# BERT transformer for binary classification

In [None]:
import pandas as pd
from sklearn.model_selection import train_test_split
import torch
from transformers import DistilBertTokenizer, DistilBertForSequenceClassification
from simpletransformers.classification import ClassificationModel
from transformers import AutoTokenizer, BertForSequenceClassification



## Fetch the data, constitute our X and y

In [1]:
merged_df = pd.read_csv('merged_all_modified_csv.csv')
#see naives_bayes notebook to see this dataset

In [2]:
X = merged_df['comment_cleaned_lower']
y = merged_df['label']
X_train, X_test, y_train, y_test = train_test_split(X, y, test_size = 0.3, random_state = 0)

In [3]:
X_train.shape, X_test.shape

((29751,), (12751,))

## BERT

In [4]:
tokenizer = DistilBertTokenizer.from_pretrained("distilbert-base-uncased")
model = DistilBertForSequenceClassification.from_pretrained("distilbert-base-uncased")

inputs = tokenizer(X_train[42000], return_tensors="pt")
with torch.no_grad():
    logits = model(**inputs).logits

predicted_class_id = logits.argmax().item()
model.config.id2label[predicted_class_id]

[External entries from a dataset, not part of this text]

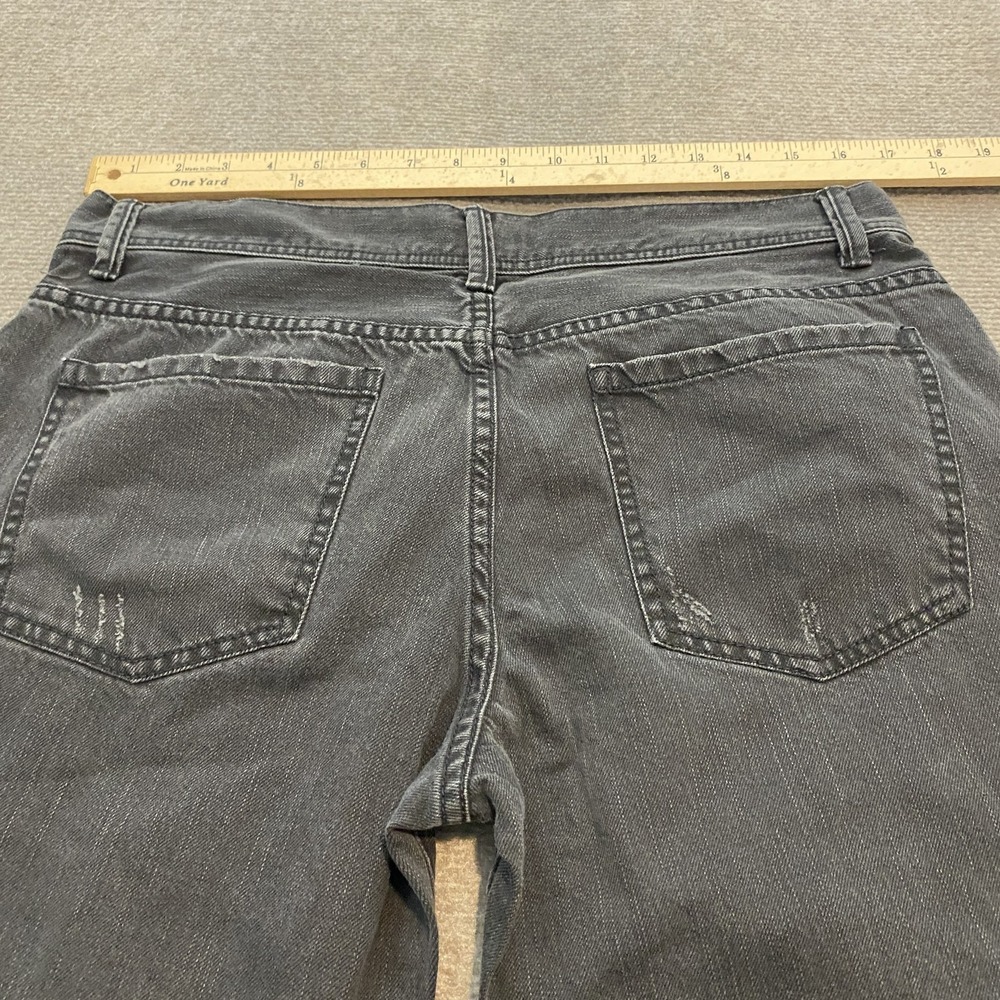 CAbi Jeans Womens 10 Black Straight Leg Pants Style 188 Denim Casual Classic - Picture 6 of 12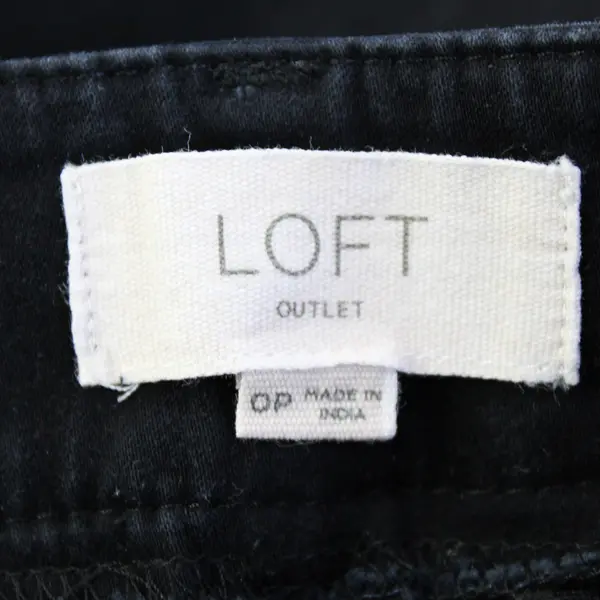 LOFT Women's 0P (28) Black Skinny Ankle Petite Dress Pants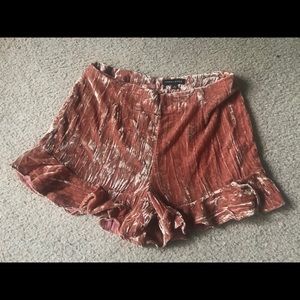 Kendall and Kylie velvet shorts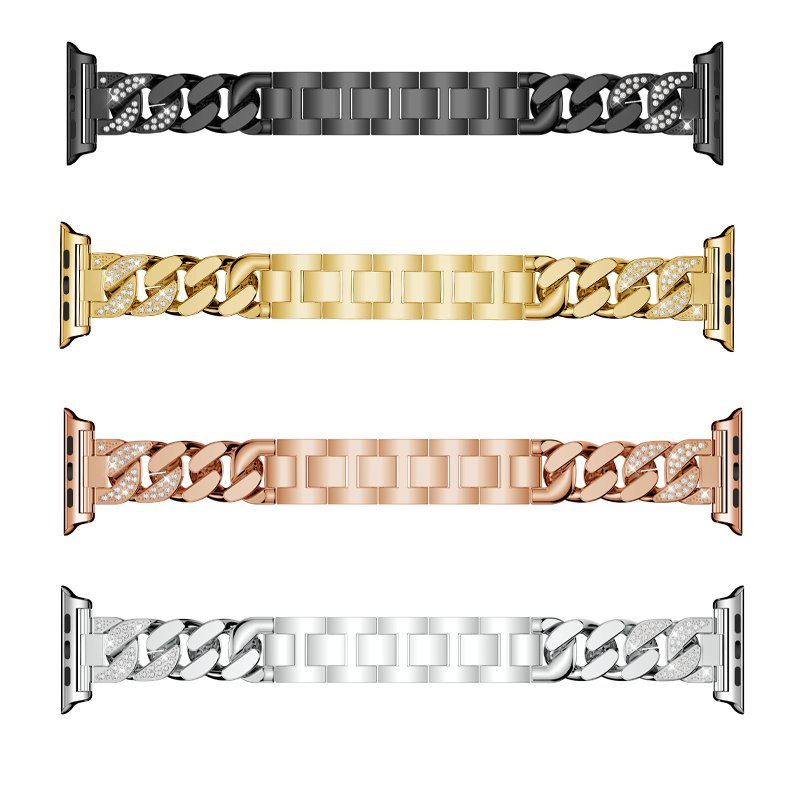 Luxury 22MM Metal Smart Watch Strap Women's stainless steel strap Business casual wear for apple watch Band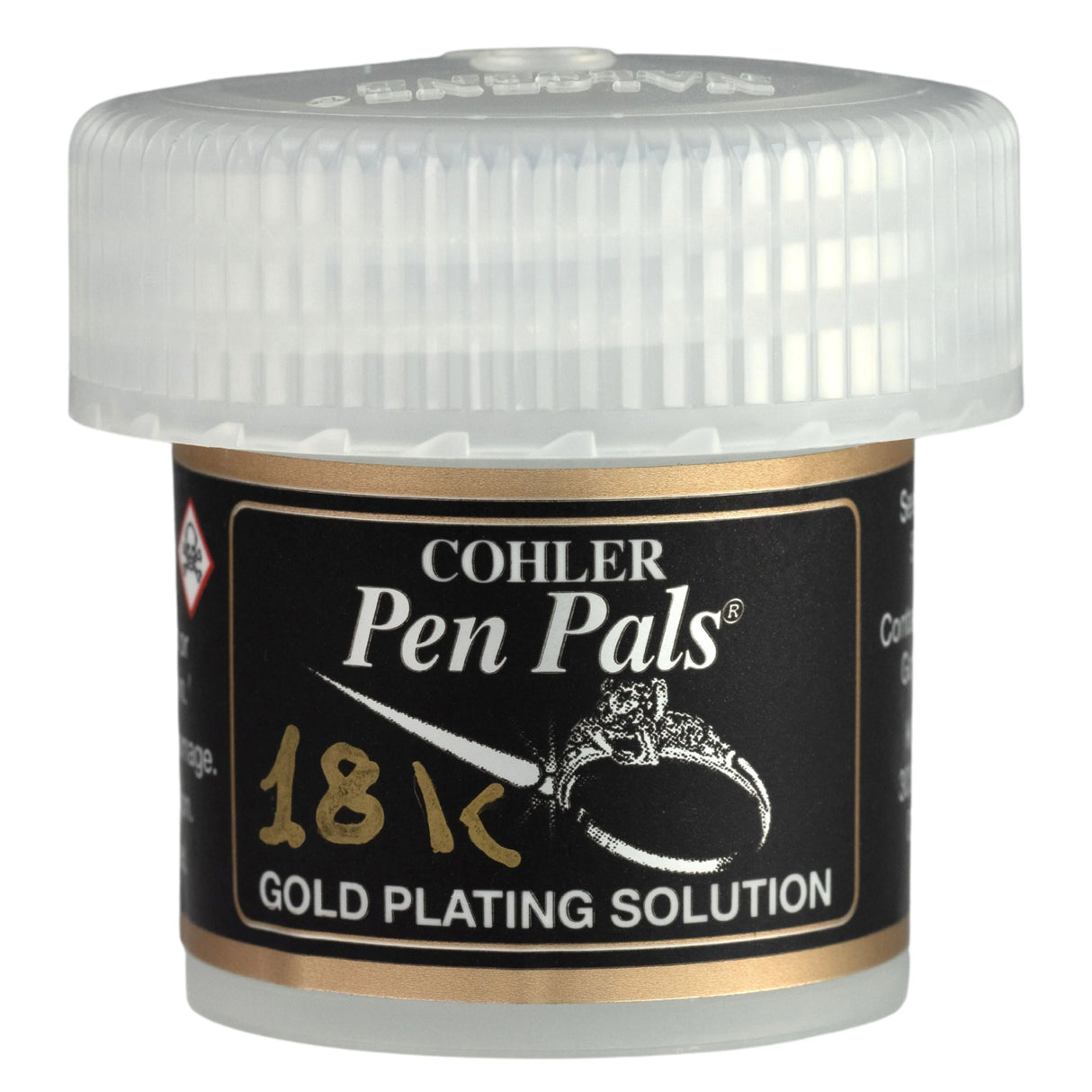 Cohler Pen Pals Gold Plating Solution, 1 OZ Jar, 14K, 18K and 24K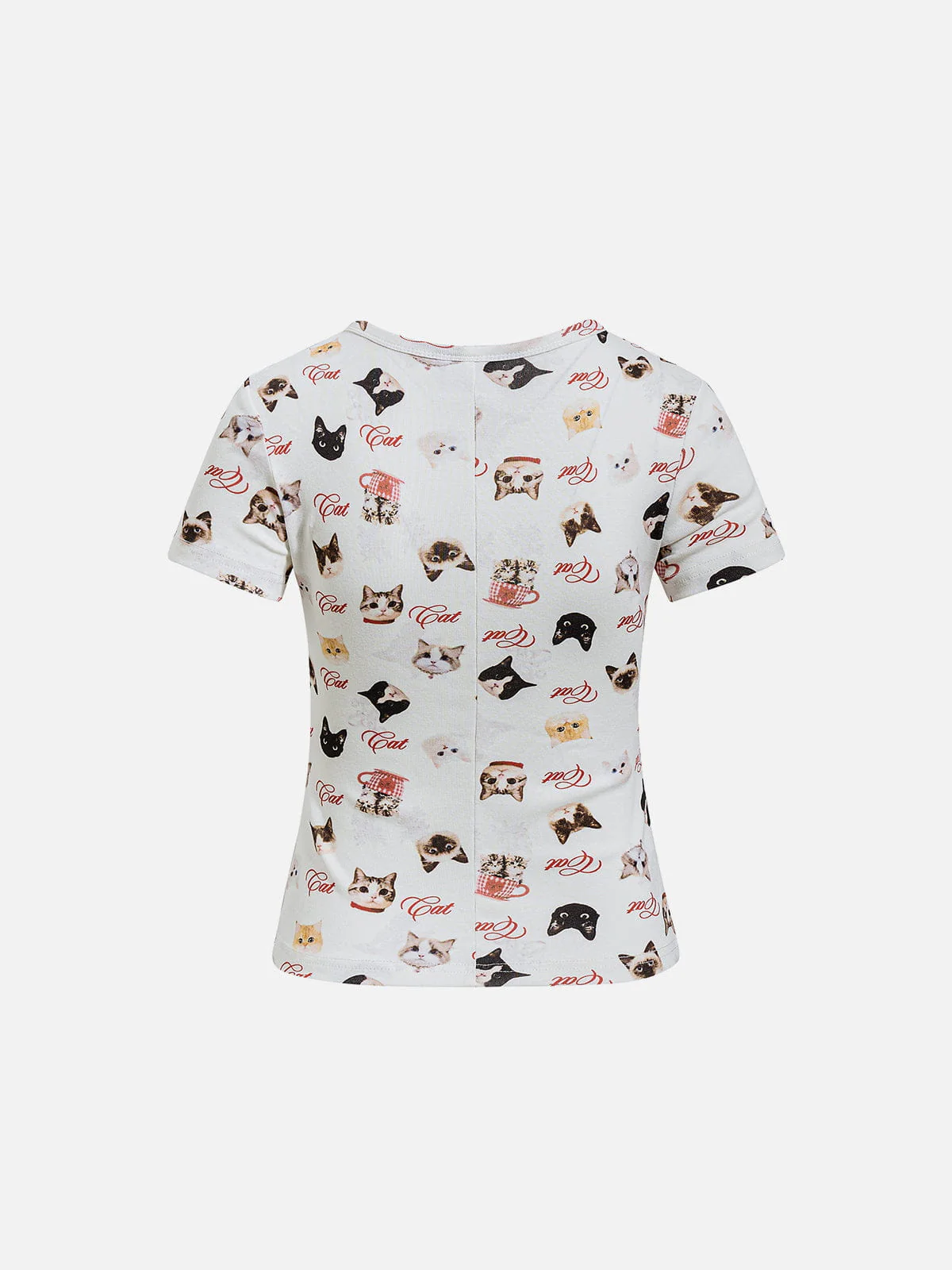Aelfric Eden Cat Pattern Tee - Image 2
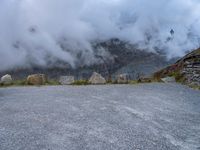 Austria's Dramatic Landscape: A Mountain View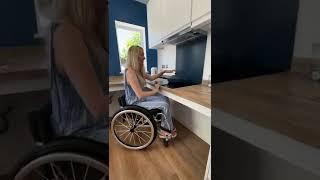 Before & After Wheelchair Accessible Kitchen Makeover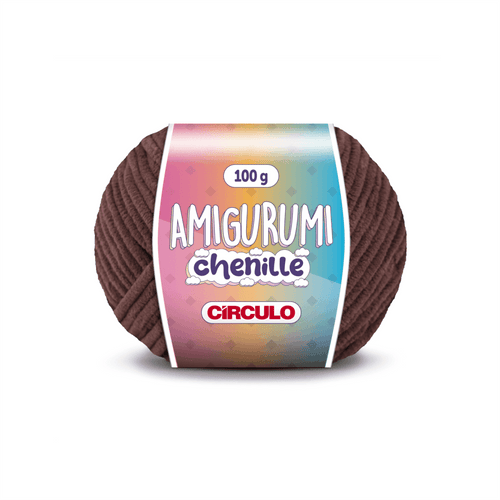 Amigurumi Brigadeiro Chenille Circulo - 7569 - R - Ariel Malhas | Universo do Artesão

2023-02-02 16:07:43.841395: I tensorflow/core/platform/cpu_feature_guard.cc:193] This TensorFlow binary is optimized with oneAPI Deep Neural Network Library (oneDNN) to use the following CPU instructions in performance-critical operations:  AVX2 AVX512F AVX512_VNNI FMA
To enable them in other operations, rebuild TensorFlow with the appropriate compiler flags.
2023-02-02 16:07:43.975755: I tensorflow/core/util/util.cc:169] oneDNN custom operations are on. You may see slightly different numerical results due to floating-point round-off errors from different computation orders. To turn them off, set the environment variable `TF_ENABLE_ONEDNN_OPTS=0`.
2023-02-02 16:07:44.010053: E tensorflow/stream_executor/cuda/cuda_blas.cc:2981] Unable to register cuBLAS factory: Attempting to register factory for plugin cuBLAS when one has already been registered
2023-02-02 16:07:44.690901: W tensorflow/stream_executor/platform/default/dso_loader.cc:64] Could not load dynamic library 'libnvinfer.so.7'; 

'LABEL_1'

## Bert for sequence classification

In [5]:
#train_df=  merged_df[:40000]
eval_df = merged_df[40000:]

In [22]:
# Create a TransformerModel
#model = ClassificationModel('roberta', 'roberta-base', use_cuda=False)

# Train the model
#model.train_model(merged_df[['comment_cleaned_lower', 'label']][:3000])

# Evaluate the model
#result, model_outputs, wrong_predictions = model.eval_model(eval_df[:3000])

In [23]:
#see huggingface.com
tokenizer = AutoTokenizer.from_pretrained("textattack/bert-base-uncased-yelp-polarity")
model = BertForSequenceClassification.from_pretrained("textattack/bert-base-uncased-yelp-polarity", problem_type="multi_label_classification")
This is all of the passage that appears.